Now I am interested in calculating the width of a beam when projected at an angle over a distance and I have found the following which tests correctly:
w = 2*d*tan(a/2) where w=width, a=angle and d=distance.
Now I need to transform this to find d or a, so I found the site https://www.symbolab.com/ which has a function transformation page, so I entered
w = 2*d*tan(a/2) to be transformed and have two solutions one of which seems odd.
Solution for d=w/(2*tan(a/2) looks and tests correctly.
Solution for a = 2arctan(w/2*d)+2PIn. Why +2PIn I have no idea what n is and what part it plays in the transformation?
I have however tested a = 2arctan(w/2*d) and it seems correct.
Insight most gracefully received please

 

[Dr.Peterson]

Solution for a = 2arctan(w/2*d)+2PIn. Why +2PIn I have no idea what n is and what part it plays in the transformation?
I have however tested a = 2arctan(w/2*d) and it seems correct.

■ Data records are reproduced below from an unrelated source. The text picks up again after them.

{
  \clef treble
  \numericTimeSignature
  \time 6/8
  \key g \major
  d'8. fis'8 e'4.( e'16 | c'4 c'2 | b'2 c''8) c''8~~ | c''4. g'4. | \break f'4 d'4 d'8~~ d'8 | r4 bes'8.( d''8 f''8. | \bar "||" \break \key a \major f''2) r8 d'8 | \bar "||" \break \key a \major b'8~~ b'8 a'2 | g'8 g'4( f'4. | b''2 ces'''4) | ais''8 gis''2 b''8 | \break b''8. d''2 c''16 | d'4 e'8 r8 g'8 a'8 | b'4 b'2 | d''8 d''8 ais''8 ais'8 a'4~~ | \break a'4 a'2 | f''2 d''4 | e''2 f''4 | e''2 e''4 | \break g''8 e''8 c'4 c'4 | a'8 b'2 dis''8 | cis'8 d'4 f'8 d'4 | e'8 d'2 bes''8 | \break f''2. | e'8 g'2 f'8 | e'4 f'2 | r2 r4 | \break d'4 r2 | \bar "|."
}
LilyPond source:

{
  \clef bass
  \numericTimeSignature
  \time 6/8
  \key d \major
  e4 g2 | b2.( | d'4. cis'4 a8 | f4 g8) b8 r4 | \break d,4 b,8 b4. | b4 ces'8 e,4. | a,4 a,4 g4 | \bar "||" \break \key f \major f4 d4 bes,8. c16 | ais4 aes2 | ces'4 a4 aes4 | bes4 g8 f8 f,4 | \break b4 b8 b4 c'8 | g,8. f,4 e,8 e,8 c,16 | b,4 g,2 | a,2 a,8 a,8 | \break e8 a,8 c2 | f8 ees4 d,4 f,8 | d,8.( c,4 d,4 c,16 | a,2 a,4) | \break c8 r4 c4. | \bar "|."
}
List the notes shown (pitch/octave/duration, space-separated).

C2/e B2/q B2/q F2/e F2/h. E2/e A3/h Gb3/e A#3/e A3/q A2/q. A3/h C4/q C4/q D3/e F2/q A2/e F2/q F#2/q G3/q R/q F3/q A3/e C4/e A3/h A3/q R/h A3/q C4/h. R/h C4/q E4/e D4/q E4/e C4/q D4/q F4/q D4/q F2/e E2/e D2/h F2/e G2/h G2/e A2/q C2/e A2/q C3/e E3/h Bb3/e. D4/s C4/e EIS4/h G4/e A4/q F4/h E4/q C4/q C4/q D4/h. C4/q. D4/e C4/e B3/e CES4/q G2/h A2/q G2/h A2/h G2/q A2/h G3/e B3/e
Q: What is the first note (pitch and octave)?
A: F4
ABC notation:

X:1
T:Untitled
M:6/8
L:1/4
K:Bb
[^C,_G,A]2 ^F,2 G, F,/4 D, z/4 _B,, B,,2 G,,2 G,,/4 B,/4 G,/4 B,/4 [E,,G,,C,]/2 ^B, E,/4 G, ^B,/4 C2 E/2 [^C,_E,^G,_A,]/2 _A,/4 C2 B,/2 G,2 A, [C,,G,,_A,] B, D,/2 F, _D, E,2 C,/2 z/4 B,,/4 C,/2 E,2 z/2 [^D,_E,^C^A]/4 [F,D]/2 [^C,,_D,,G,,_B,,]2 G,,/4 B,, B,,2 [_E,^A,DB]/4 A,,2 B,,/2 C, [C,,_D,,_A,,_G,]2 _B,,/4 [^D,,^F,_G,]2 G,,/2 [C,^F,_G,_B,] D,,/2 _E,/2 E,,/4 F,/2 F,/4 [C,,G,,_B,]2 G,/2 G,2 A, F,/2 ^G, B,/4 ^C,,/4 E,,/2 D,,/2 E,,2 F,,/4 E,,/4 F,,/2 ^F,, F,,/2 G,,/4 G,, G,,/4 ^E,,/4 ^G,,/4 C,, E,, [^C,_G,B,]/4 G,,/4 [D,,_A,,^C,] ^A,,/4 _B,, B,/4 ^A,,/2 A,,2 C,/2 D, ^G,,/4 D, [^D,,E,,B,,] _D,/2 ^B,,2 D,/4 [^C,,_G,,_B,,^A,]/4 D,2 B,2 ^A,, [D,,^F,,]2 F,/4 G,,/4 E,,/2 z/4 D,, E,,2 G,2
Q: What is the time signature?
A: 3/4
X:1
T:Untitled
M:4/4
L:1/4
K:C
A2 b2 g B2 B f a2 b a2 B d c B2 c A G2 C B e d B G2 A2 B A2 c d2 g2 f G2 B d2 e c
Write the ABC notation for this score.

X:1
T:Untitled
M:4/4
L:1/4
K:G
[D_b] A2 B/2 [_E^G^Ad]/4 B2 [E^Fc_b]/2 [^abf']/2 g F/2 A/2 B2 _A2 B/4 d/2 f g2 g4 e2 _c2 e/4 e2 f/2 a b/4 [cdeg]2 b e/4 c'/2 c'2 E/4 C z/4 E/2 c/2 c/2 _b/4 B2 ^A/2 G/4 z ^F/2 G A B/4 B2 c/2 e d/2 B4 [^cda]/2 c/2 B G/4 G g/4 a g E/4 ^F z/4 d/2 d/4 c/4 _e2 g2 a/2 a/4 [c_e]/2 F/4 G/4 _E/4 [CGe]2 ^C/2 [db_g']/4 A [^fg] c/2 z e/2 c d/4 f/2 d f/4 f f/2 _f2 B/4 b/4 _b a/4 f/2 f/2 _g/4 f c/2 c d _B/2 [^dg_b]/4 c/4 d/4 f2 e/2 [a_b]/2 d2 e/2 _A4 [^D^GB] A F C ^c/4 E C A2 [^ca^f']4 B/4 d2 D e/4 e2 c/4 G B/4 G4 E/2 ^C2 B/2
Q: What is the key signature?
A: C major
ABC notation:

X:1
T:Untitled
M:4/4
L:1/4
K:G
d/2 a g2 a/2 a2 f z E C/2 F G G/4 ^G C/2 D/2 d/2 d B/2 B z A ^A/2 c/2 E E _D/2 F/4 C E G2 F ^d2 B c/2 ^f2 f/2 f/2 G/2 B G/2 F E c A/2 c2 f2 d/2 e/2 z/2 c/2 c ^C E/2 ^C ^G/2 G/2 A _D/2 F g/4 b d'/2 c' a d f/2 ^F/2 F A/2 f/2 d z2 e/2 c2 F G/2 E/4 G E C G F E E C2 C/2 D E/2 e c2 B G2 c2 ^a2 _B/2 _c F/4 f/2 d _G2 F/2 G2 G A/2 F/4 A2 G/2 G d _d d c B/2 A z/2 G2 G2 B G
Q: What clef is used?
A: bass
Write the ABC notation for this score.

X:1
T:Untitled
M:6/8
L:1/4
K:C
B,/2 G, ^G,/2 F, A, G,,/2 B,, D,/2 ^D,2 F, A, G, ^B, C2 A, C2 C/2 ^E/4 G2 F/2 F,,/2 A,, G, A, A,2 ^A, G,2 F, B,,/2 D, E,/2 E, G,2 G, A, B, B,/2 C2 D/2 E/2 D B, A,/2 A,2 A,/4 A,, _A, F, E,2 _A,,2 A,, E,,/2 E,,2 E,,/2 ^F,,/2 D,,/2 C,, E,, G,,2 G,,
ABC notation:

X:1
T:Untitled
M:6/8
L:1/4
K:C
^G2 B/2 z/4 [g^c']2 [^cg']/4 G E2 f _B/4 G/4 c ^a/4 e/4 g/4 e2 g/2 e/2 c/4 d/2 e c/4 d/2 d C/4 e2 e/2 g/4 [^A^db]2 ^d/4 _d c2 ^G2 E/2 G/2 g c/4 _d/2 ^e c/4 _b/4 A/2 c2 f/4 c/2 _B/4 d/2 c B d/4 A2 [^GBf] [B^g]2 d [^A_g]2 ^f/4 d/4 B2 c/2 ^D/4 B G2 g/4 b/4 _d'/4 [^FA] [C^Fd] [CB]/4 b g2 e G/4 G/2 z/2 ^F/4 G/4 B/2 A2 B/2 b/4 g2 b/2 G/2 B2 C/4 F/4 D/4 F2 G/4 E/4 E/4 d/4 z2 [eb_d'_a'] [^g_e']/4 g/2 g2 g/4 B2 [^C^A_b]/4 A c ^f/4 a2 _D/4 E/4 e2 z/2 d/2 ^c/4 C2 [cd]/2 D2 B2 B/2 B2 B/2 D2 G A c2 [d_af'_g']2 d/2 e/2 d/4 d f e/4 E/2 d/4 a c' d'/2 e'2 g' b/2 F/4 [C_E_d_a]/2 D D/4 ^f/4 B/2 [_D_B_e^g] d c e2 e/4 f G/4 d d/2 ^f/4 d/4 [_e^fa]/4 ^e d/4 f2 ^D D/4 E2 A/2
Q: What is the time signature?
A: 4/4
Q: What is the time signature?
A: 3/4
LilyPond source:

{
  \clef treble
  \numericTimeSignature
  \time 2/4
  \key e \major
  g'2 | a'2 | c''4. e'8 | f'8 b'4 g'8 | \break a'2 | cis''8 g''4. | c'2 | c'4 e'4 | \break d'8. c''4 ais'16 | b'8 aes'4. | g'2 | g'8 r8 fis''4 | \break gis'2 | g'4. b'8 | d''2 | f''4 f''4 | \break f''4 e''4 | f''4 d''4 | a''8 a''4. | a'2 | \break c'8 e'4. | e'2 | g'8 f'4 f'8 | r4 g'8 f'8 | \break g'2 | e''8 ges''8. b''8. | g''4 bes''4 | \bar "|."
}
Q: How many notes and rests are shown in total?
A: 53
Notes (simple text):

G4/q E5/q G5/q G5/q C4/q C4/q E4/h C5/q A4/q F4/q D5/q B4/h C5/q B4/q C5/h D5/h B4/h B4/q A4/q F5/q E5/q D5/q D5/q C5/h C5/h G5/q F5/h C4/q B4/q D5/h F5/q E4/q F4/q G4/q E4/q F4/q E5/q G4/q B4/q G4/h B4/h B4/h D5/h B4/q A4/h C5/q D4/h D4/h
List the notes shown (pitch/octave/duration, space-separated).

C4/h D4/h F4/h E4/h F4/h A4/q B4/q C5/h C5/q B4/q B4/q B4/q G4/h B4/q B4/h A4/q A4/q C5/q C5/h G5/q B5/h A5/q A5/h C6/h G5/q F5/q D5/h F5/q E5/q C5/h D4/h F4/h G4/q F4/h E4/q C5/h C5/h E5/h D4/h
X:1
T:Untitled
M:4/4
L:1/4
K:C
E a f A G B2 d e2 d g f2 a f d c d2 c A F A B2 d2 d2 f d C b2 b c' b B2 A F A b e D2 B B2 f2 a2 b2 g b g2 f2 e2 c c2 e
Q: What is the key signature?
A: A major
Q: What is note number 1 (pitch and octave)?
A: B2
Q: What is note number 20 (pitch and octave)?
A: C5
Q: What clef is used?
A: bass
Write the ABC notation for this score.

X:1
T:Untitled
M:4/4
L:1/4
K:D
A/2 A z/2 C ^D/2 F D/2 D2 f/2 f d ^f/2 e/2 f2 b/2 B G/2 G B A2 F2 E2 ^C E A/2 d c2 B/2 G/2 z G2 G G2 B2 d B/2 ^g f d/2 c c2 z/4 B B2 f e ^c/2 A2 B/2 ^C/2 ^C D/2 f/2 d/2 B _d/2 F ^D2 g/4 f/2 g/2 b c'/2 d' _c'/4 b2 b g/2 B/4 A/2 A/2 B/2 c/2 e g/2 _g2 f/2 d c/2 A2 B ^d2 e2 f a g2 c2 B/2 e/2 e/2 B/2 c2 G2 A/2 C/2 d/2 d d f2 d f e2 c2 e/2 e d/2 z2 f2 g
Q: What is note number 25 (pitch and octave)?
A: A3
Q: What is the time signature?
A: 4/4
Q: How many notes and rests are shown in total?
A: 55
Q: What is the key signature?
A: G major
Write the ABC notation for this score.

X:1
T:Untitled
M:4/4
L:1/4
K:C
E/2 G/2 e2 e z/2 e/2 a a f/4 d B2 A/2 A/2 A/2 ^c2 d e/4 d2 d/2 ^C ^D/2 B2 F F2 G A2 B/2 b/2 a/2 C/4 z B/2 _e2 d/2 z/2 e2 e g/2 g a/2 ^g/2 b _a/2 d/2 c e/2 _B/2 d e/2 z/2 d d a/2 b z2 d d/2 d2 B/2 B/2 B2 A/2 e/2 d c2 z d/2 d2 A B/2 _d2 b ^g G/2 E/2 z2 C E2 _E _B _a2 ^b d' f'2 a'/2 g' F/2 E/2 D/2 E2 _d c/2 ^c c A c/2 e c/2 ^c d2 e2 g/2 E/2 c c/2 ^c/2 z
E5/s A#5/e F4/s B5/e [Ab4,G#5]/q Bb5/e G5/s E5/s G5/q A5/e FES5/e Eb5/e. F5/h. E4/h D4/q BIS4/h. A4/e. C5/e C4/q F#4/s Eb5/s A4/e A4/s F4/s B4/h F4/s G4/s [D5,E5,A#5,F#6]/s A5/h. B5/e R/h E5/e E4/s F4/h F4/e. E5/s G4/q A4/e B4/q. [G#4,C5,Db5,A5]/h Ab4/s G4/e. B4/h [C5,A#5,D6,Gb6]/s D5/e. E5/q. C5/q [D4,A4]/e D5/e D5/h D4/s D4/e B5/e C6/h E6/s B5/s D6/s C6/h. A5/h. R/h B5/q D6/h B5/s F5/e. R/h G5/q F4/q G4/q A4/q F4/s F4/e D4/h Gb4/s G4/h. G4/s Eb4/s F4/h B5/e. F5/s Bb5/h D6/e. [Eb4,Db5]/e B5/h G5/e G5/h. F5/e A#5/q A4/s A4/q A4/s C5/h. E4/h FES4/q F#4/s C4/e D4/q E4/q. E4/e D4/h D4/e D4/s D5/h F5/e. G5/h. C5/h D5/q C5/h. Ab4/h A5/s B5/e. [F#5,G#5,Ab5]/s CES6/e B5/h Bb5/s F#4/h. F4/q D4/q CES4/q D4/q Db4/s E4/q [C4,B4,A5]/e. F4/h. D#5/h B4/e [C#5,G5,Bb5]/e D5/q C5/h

You asked the site to solve $w=2d\tan\left(\frac{a}{2}\right)$ for $a$. It found that $\frac{w}{2d}=\tan\left(\frac{a}{2}\right)$, and then it had to take the inverse tangent. That is, what is the angle whose tangent has that value?

But many angles have the same tangent; one of these is called the principal value (what a calculator can find), namely the angle between $-\frac{\pi}{2}$ radians and $\frac{\pi}{2}$ radians; that plus any multiple of $\pi$ radians will also have the same tangent. Adding $n\pi$, for any integer $n$, gives all possible solutions.

Since the last step is to multiply by 2, the result (if you ignore the $2n\pi$) is an angle between $-\pi$ radians and $\pi$ radians, which is probably what you want. So you can ignore it, just as you did and found it to work.

If you continue to work with problems like this, it would be a good idea to study trigonometry, so you don't have to trust people or software to know exactly what you need!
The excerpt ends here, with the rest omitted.